(Dataset entries)

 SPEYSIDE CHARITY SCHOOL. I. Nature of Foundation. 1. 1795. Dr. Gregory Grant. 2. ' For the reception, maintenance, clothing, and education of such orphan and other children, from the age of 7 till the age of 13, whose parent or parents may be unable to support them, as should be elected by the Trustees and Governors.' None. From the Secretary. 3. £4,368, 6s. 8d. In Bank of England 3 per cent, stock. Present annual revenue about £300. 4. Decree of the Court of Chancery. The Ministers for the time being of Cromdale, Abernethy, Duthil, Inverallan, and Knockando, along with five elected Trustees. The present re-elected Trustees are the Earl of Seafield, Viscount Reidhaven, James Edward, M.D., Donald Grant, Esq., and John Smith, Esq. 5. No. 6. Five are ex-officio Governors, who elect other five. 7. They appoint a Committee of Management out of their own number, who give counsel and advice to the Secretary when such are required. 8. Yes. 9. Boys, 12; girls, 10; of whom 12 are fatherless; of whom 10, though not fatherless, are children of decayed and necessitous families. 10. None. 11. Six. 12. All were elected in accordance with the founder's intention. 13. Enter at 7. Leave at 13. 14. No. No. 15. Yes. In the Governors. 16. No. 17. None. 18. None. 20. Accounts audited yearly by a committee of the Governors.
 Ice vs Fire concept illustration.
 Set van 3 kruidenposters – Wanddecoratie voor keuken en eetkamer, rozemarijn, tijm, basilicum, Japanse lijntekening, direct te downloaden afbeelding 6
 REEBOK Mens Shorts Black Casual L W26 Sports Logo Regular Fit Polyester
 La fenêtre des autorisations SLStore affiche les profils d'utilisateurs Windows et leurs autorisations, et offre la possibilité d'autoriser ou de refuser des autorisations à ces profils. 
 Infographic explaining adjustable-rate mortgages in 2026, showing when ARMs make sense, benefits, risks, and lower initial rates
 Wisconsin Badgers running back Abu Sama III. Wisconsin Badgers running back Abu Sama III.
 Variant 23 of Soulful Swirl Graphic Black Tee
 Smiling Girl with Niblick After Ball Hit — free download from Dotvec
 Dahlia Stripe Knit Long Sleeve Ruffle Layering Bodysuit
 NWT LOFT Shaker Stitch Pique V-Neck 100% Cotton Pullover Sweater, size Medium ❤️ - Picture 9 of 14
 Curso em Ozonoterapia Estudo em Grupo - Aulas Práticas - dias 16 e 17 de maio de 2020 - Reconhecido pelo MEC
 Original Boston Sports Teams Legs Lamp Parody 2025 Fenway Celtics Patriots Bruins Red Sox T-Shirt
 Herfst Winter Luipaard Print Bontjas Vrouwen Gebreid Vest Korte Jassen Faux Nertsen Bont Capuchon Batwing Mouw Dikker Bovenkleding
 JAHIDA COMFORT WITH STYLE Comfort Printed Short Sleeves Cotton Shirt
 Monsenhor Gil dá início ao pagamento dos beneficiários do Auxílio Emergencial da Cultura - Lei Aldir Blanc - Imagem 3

## Task instructions
Using the entries shown above, reproduce verbatim the lines from the line bearing "Set van 3 kruidenposters" to the line bearing "REEBOK Mens Shorts", inclusive.

## Answer to this task
 Set van 3 kruidenposters – Wanddecoratie voor keuken en eetkamer, rozemarijn, tijm, basilicum, Japanse lijntekening, direct te downloaden afbeelding 6
 REEBOK Mens Shorts Black Casual L W26 Sports Logo Regular Fit Polyester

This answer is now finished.